[[ Task data open ]]

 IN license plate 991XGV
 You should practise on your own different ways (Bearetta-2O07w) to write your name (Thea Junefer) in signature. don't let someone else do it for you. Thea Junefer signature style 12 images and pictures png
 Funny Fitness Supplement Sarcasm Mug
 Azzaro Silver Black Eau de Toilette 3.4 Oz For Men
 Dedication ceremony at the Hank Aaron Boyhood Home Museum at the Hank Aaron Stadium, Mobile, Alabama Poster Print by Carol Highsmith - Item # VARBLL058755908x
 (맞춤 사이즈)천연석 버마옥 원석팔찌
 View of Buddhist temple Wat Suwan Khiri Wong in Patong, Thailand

[[ Task data closed ]]
[[ Task data open ]]

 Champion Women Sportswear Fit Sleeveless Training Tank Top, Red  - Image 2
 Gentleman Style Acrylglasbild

[[ Task data closed ]]

There is a run of lines above from the one with "IN license plate 991XGV" to the one with "View of Buddhist"; print exactly that run, both ends included, and nothing else.

- [Result of the exercise]
 IN license plate 991XGV
 You should practise on your own different ways (Bearetta-2O07w) to write your name (Thea Junefer) in signature. don't let someone else do it for you. Thea Junefer signature style 12 images and pictures png
 Funny Fitness Supplement Sarcasm Mug
 Azzaro Silver Black Eau de Toilette 3.4 Oz For Men
 Dedication ceremony at the Hank Aaron Boyhood Home Museum at the Hank Aaron Stadium, Mobile, Alabama Poster Print by Carol Highsmith - Item # VARBLL058755908x
 (맞춤 사이즈)천연석 버마옥 원석팔찌
 View of Buddhist temple Wat Suwan Khiri Wong in Patong, Thailand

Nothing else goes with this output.